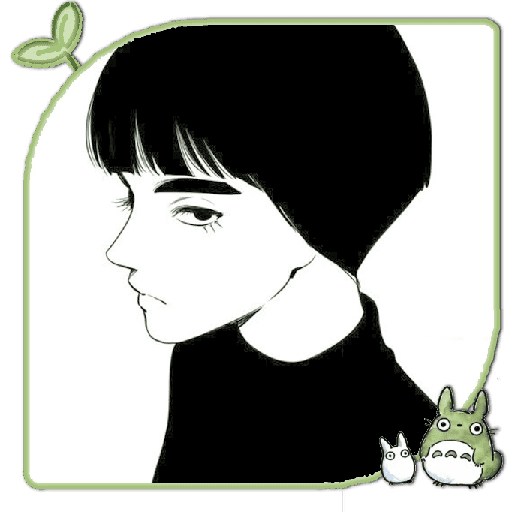 ₍ ˊᯅˋ ₎   💭  𝚁𝙾𝙺𝙻𝙴𝙴 !? !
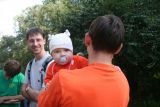 hksova-2010/pic_2010-09-11_16.17.12_033.jpg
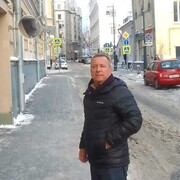 ���������� �������, ���� ������� ������, 51 ���, ������������ ��� ������, ����� � ���������, c�������� ���������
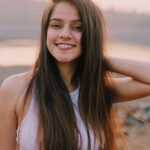 Meghna Kaur (Shetroublemaker) Height, Age, Boyfriend, Family, Biography & More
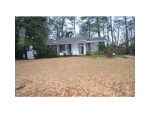 1874 Chisholm Ct Tucker, GA 30084 - Image 3664612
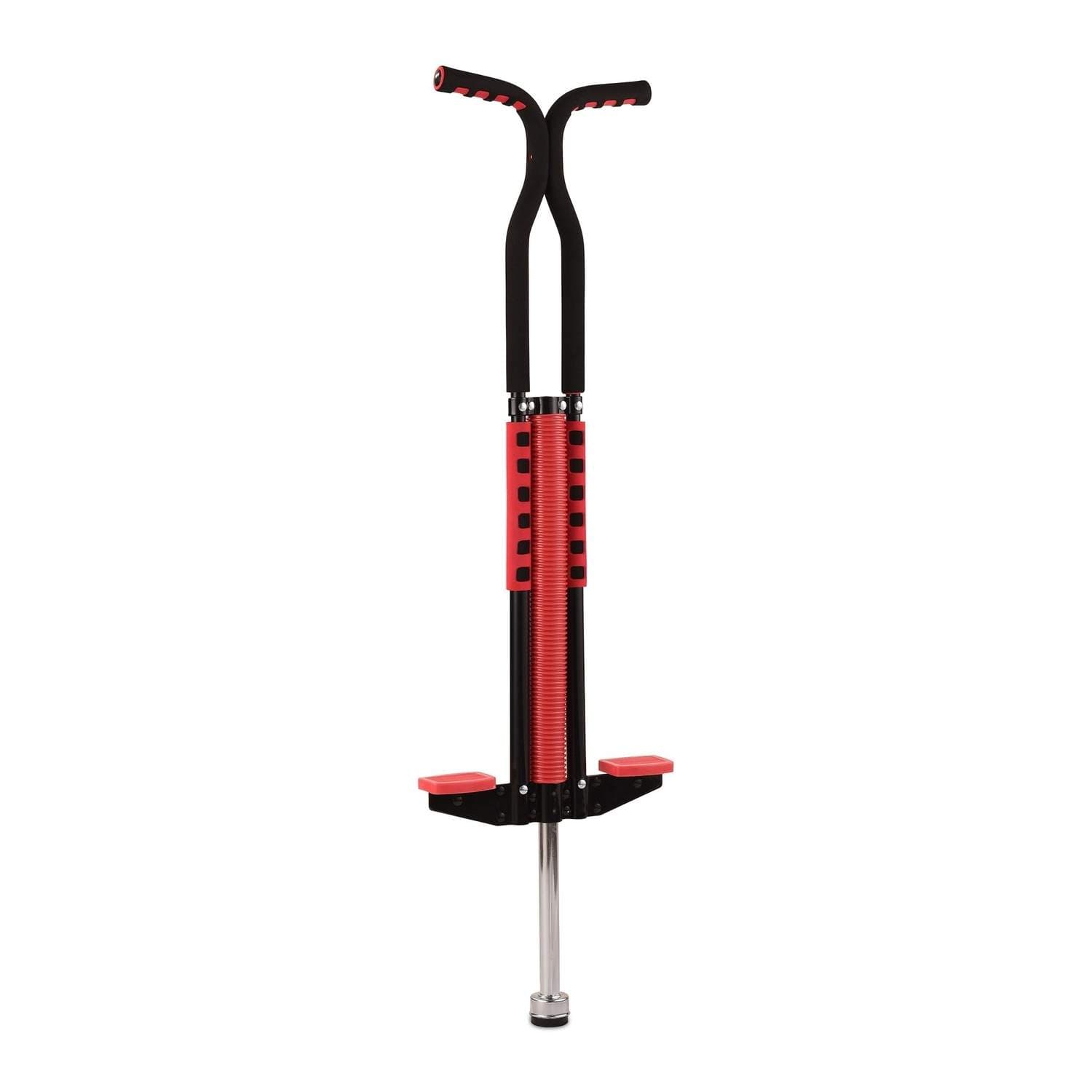 Børne-Pogo Stick – Op til 60 kg, Udendørs sjov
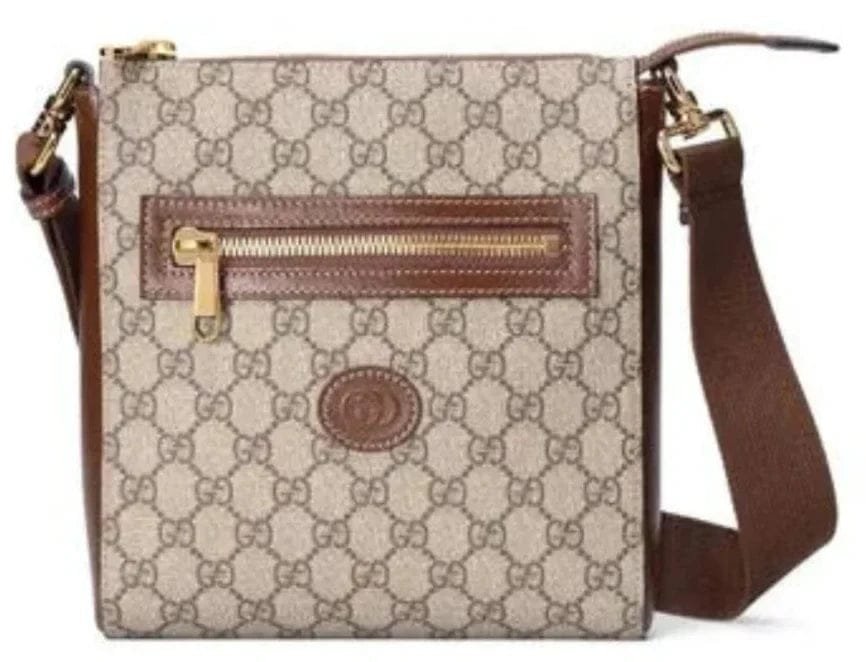 4-Untitled-design-21-6_1e3e89a3-53bb-4a86-a7a8-fd42691847b6.jpg Bag - 图片 1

◇ ◇ ◇

Pictures do not belong in the copy. Reproduce the rest of the data exactly.

 ₍ ˊᯅˋ ₎   💭  𝚁𝙾𝙺𝙻𝙴𝙴 !? !
 hksova-2010/pic_2010-09-11_16.17.12_033.jpg
 ���������� �������, ���� ������� ������, 51 ���, ������������ ��� ������, ����� � ���������, c�������� ���������
 Meghna Kaur (Shetroublemaker) Height, Age, Boyfriend, Family, Biography & More
 1874 Chisholm Ct Tucker, GA 30084 - Image 3664612
 Børne-Pogo Stick – Op til 60 kg, Udendørs sjov
 4-Untitled-design-21-6_1e3e89a3-53bb-4a86-a7a8-fd42691847b6.jpg Bag - 图片 1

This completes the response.